# Almost Done



## Guest (Nov 21, 2008)

It has been a long time coming but we are finally there. Two kids and three jobs during one project make for a looong process, but it is certainly worth it. I have some before pics on another drive that I will add to this. We had to gut the whole basement before we started. I think it turned out pretty freak'n cool.










My father-in-law and his brother built this cabinet. I gave them the drawing and it was in my basement in a few days.



















The riser is the last thing added. It is going to receive some carpet and some paint to finish it off. The cabinets and the counter in the back have turned out to be a lot more valuable than I ever imagined. There is a mini-fridge that makes College Football a lot more fun.










Acoustic treatments are the next project. Thanks for all the advice (direct and indirect). ERD's are on the Christmas list.

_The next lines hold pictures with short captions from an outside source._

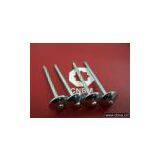 Roofing Nail thumbnail-1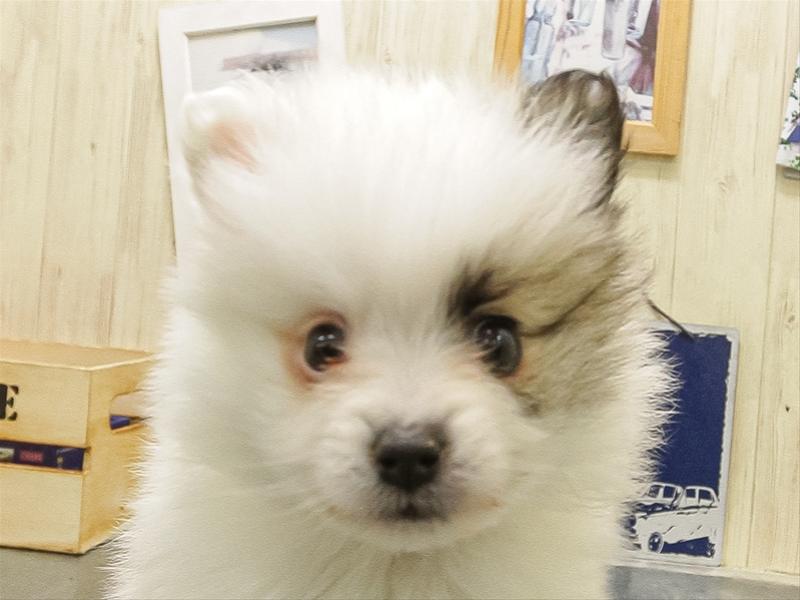 静岡県のポメラニアン (ワンラブカインズ伊東店/2025年10月26日生まれ/男の子/パーティーカラー)の子犬の1枚目の画像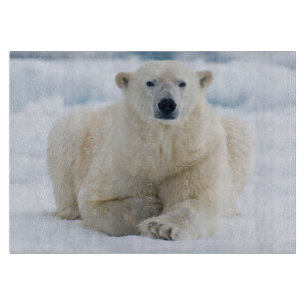 Tabla De Cortar Oso polar adulto en el hielo de verano
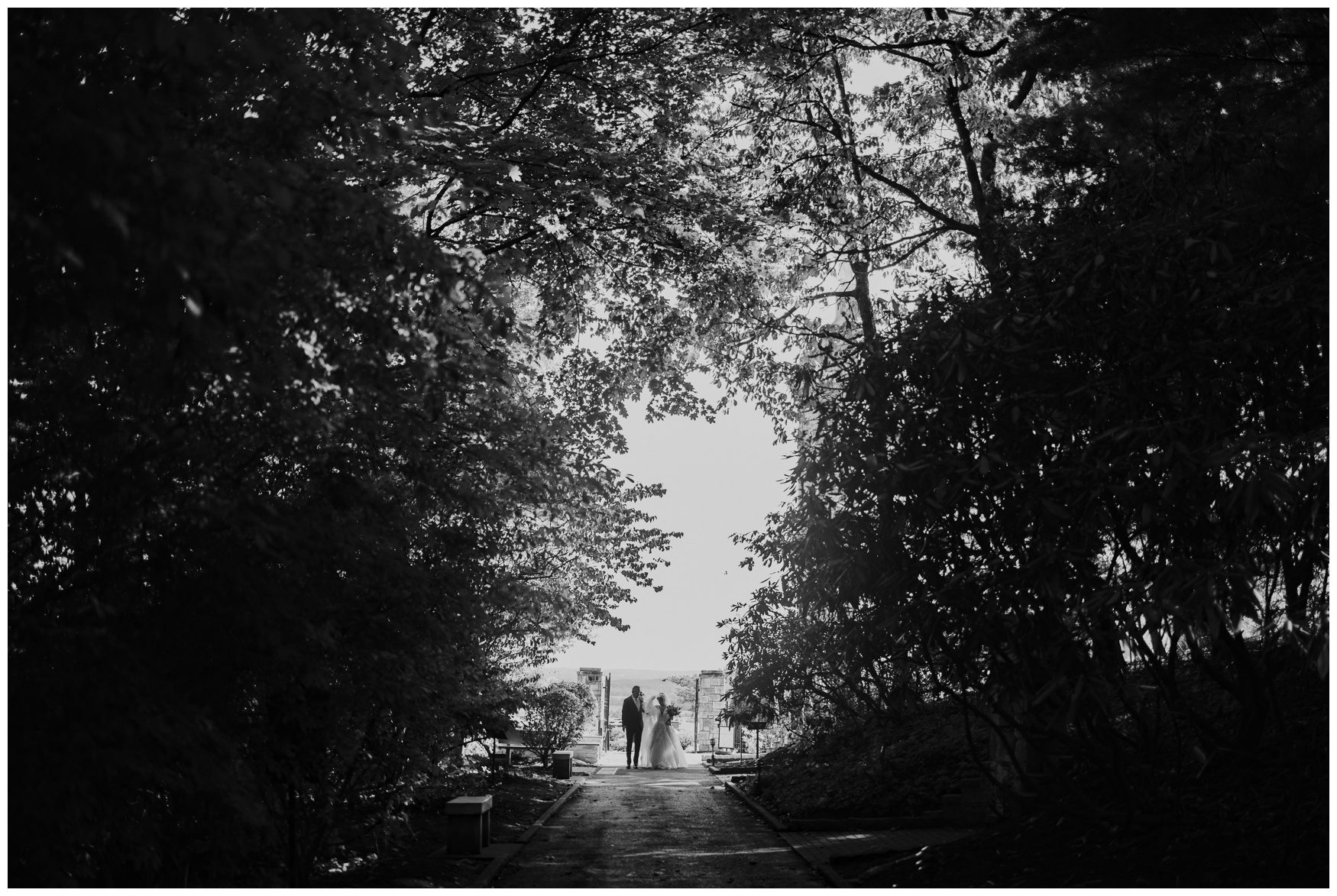 Maryland Elopement Photographer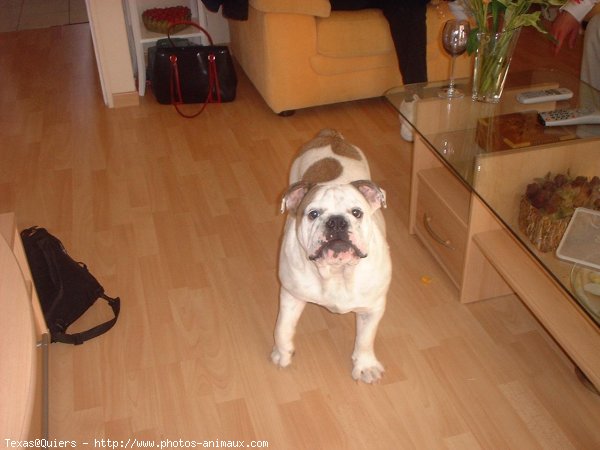 Photo de Bulldog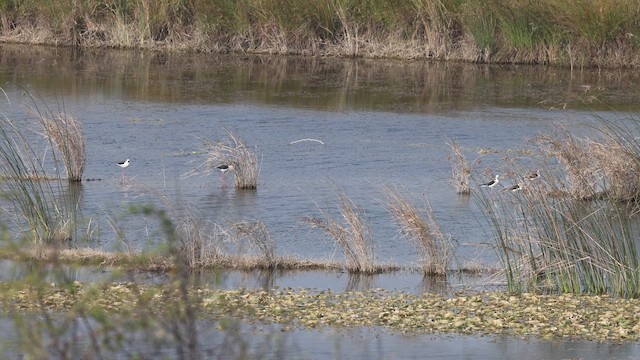 Black-winged Stilt - ML647761205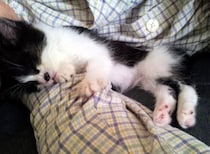 雨の日に車の下で保護した手のひらサイズの子猫→4才の今、夫の帰宅を待つ甘えん坊な猫に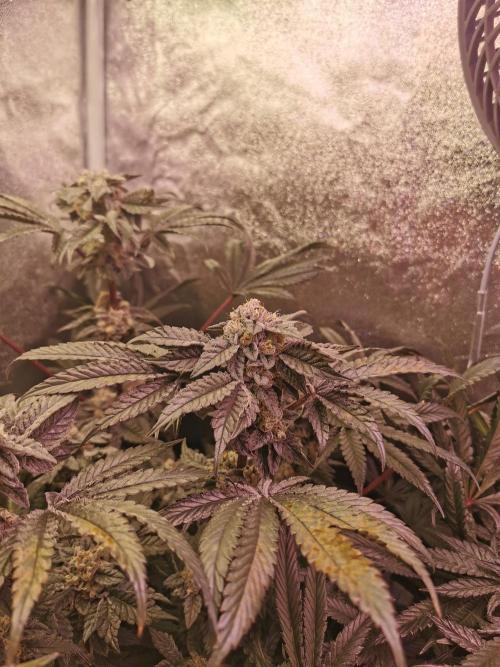 Bakerman (Jealousy x La Bomba) / Coco. Week 14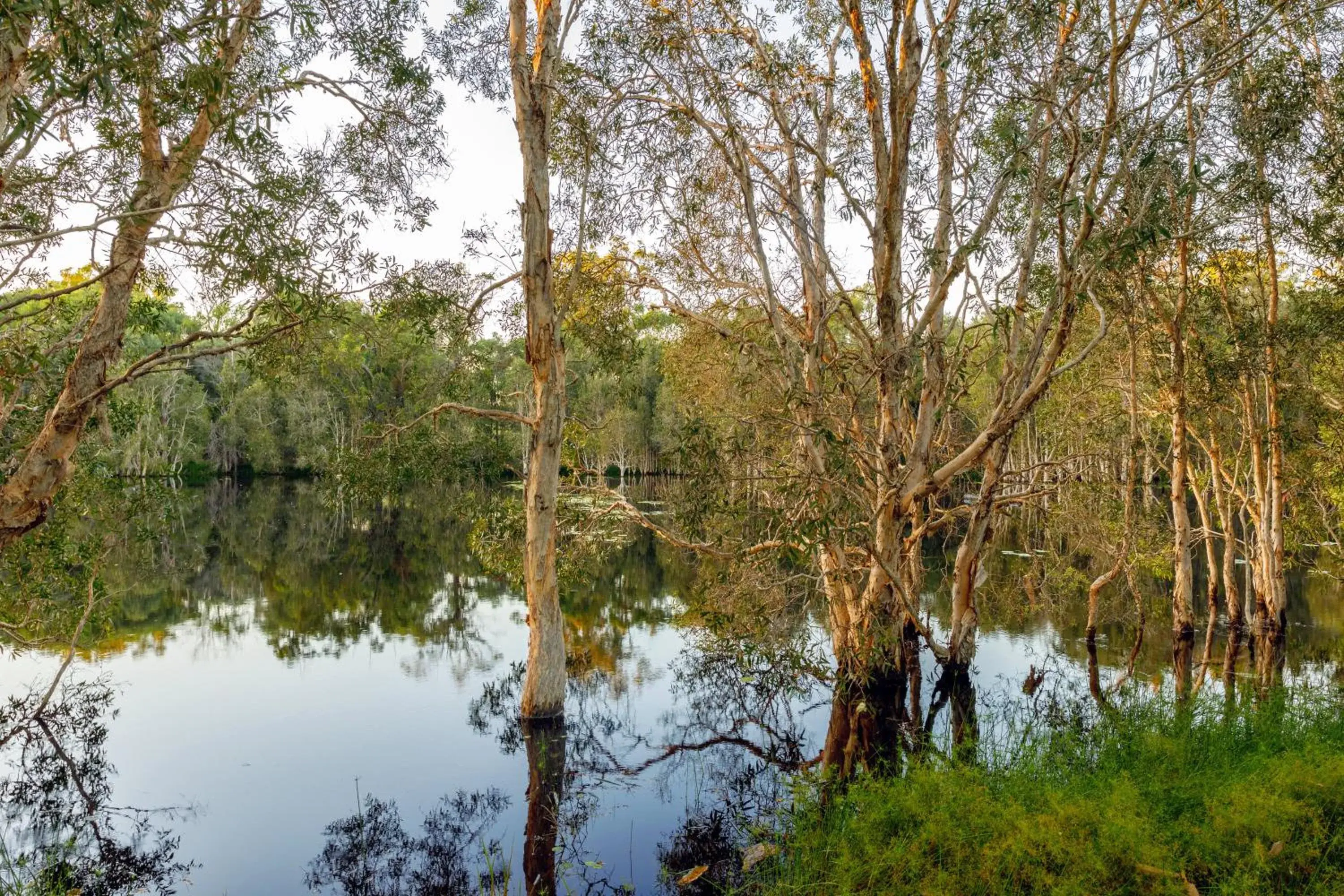 Property building in Sanctuary by Sirromet Property building in Sanctuary by Sirromet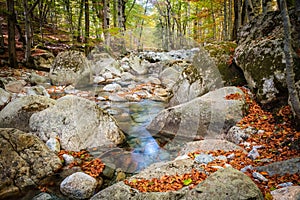 L`Agnone river at Vizzavona in Corsica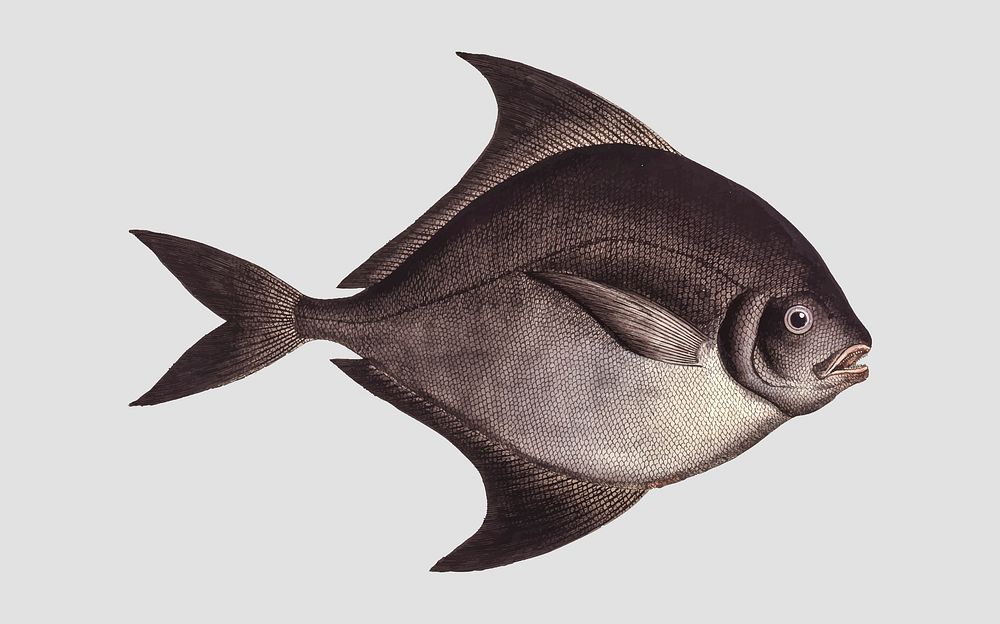 Vintage Black-Pampel fish vector
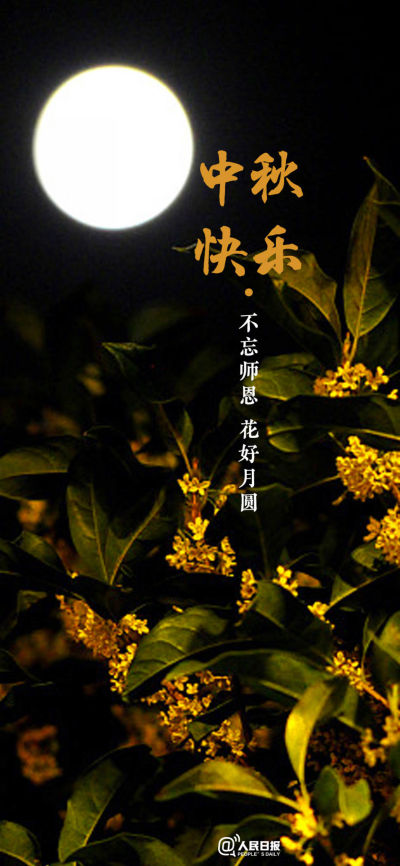 节日壁纸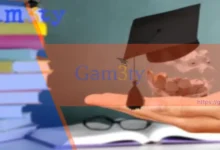 المنح التركية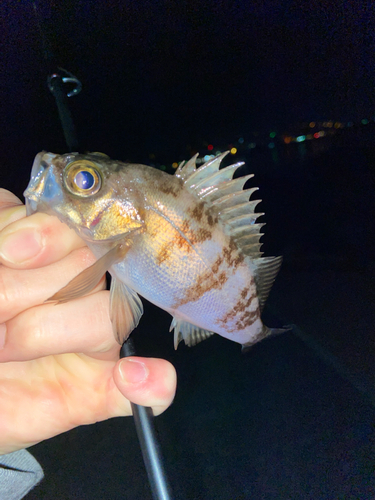 メバルの釣果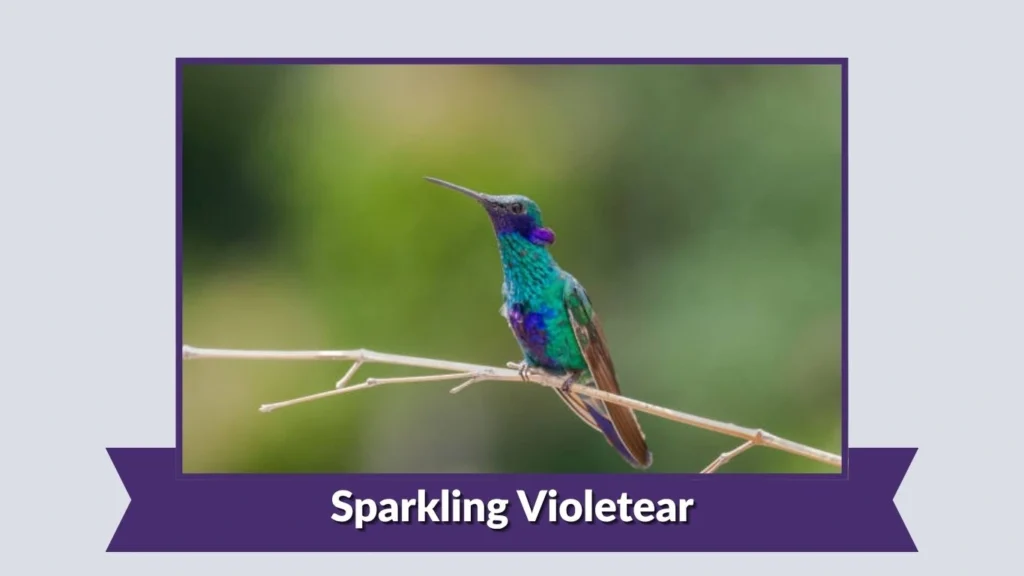 Sparkling Violetear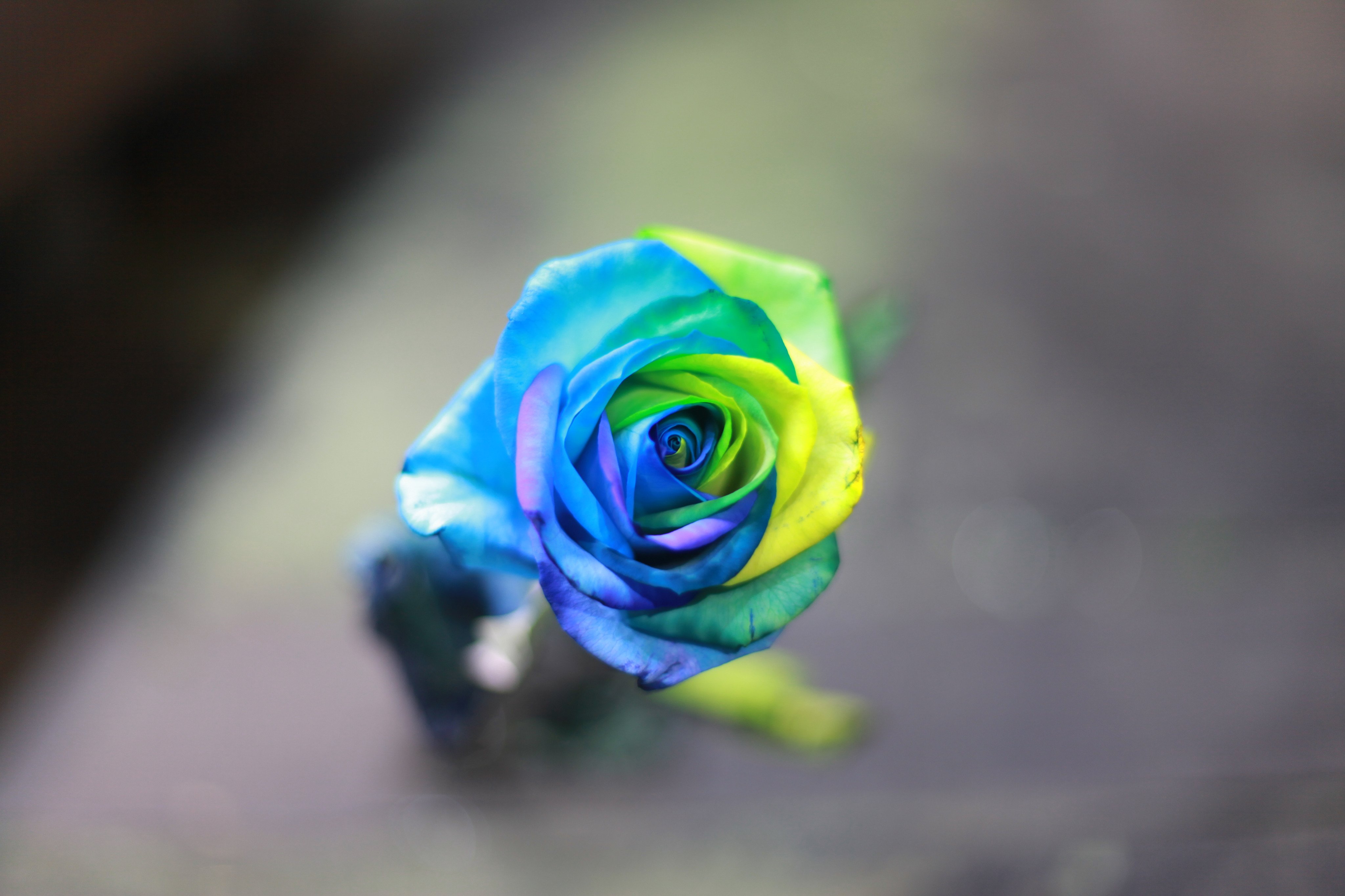 ローズショップ 海 をイメージして誕生した レインボーローズ オーシャン 108本の薔薇の花束で愛の告白 108本意味 プロポーズの花 海をイメージ レインボーローズ 珍しい花 お洒落な花束 永久 永遠の愛 珍しいバラ 電話で全国配送 0266 28 11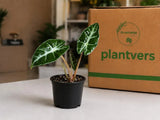 Alocasia Bambino Live Plant in 3" Nursery Pot - African Mask Plant - Dwarf Alocasia - Tropical Indoor Houseplant - Easy Care Aroid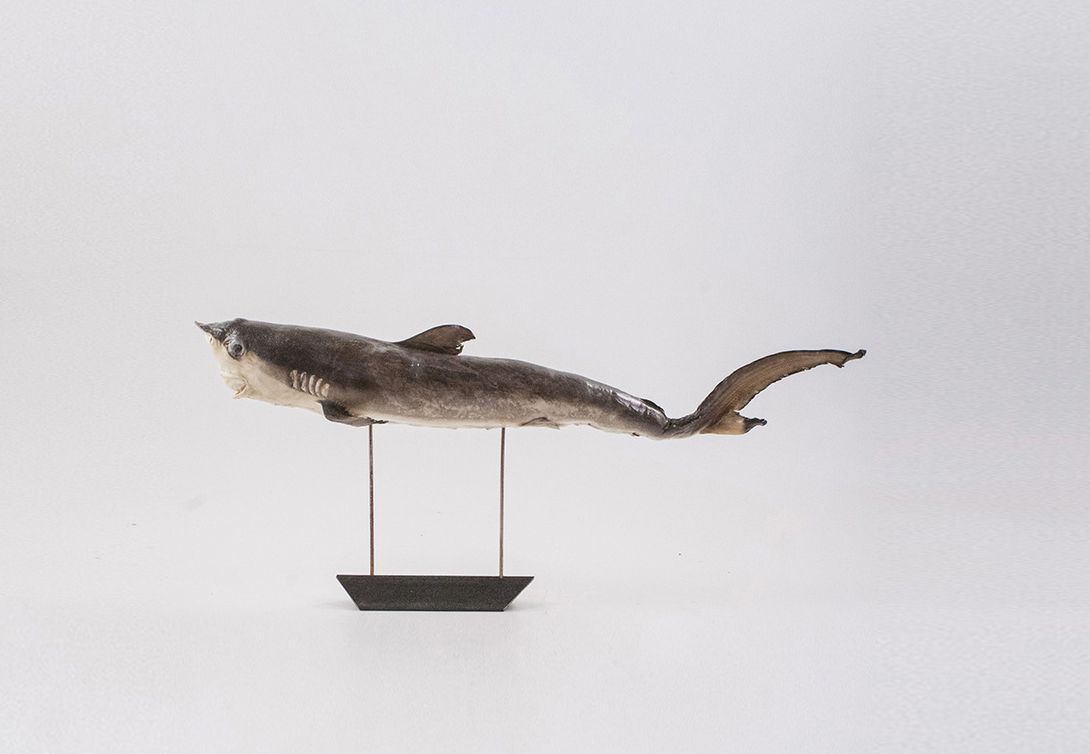 Foto Taxidermy Baby Shark on Stand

I'm thrilled with the way everything turned out and I have the highest WAF I think you can get. There is a 220 in the ceiling for the future projector.


----------



## Sonnie (Apr 11, 2006)

Nicely done... looks real cozy.

What's all your equipment? Those speakers look like they might be Infinity Primus.


----------



## SteveCallas (Apr 29, 2006)

And people wonder why movie theater attendance has been dropping over the past several years :whistling:

Looks great! 

Accoustical treatments sure......but I predict an ever bigger performance boost by way of DIY sub is in your future :yes:


----------



## salvasol (Oct 31, 2006)

Nice set up ...enjoy it!!! :T


----------



## BrianAbington (Mar 19, 2008)

Is that one of those sony projection LCDtvs? my dad has one and hes been pretty happy with it.


----------



## Guest (Dec 17, 2008)

hi

what model lcd hdtv do you have....planning on getting an sony xrb6 model but not sure..any suggestions on sony models 

jcanaca


----------